State v. BedellAnnotate this Case
220 N.W.2d 891 (1974)
STATE of Iowa, Appellee, v. Phillip BEDELL, Appellant.
Supreme Court of Iowa.
August 28, 1974.
*892 John C. Platt, of Cedar Rapids, for appellant.
Richard C. Turner, Atty. Gen., Stephen T. Moore, Asst. Atty. Gen., and Daryl Roberts, Co. Atty., for appellee.
Defendant entered a plea of guilty to the crime of larceny in the nighttime in violation of § 709.4, The Code, and thereafter brought this appeal claiming the trial court erred in accepting it. He contends the requirements of State v. Sisco, 169 N.W.2d 542 (Iowa 1969) were not met. We affirm but remand for resentencing.
I. There are four Sisco requirements. Before accepting the plea the trial court must determine (1) whether the defendant understands the charge, (2) whether defendant is aware of the penal consequences of the plea, and (3) whether the plea is entered into voluntarily. Before pronouncing judgment the trial court must determine (4) whether there is a factual basis for the plea. Ryan v. Iowa State Penitentiary, Ft. Madison, 218 N.W.2d 616 (Iowa 1974). Defendant's assignments go to the first and third of these requirements. He also complains the trial court failed to advise him of the elements of the crime.
The record discloses the trial court questioned defendant carefully and exhaustively. It was clearly shown defendant understood the nature of the charge and it appeared the plea was entered voluntarily. Defendant's complaint is wholly without support.
The trial court did not specifically list each element of the offense to the accused. On the other hand we believe the record as a whole discloses defendant fully understood the charge and was aware of the elements. Under the circumstances it was not error for the trial court to fail to make a record of each element at the time the plea of guilty was received. State v. Hackett, 201 N.W.2d 487, 490 (Iowa 1972); State v. York, 210 N.W.2d 608, 609 (Iowa 1973); Michels v. Brewer, 211 N.W.2d 293, 296 (Iowa 1973).
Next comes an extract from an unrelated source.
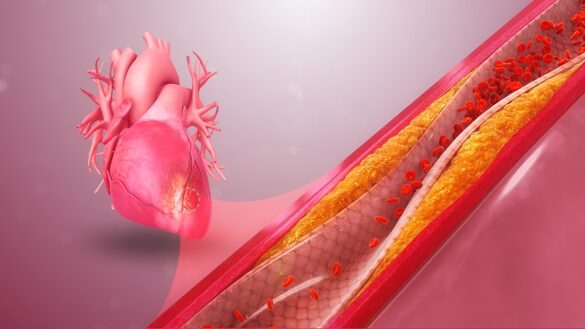 Атеросклеротический кардиосклероз: код по МКБ-10, причины, лечение - Всё о сердце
II. Under the mandate given in § 793.18, The Code, we have examined the record to determine whether a substantial right of defendant has been invaded. This duty is incumbent upon us even where, as here, defendant does not raise a particular point. State v. Sonderleiter, 251 Iowa 106, 109, 99 N.W.2d 393, 395.
Upon examination of the record we find, although the trial court made a most substantial record to support the judgment imposed, the county attorney's information does not support it. Section 709.4, The Code, provides alternative punishment for two crimes, one a felony and one an indictable misdemeanor. At the proceeding below defendant freely conceded facts which would support a conviction of the felony. The county attorney's information however charges only an indictable misdemeanor. A separate county attorney's information (which apparently charged a felony) was dismissed. Accordingly the judgment pronounced was in excess of that provided by law. Such a judgment is valid only to the extent provided by law. Streit v. Lainson, 250 Iowa *893 336, 341, 93 N.W.2d 767, 770. Jurisdiction of the trial court is not exhausted until a valid judgment is entered. State v. Wiese, 201 N.W.2d 734, 737 (Iowa 1972). The case is remanded with instructions to the trial court to pronounce sentence as provided by § 709.4.
Affirmed but remanded for resentencing.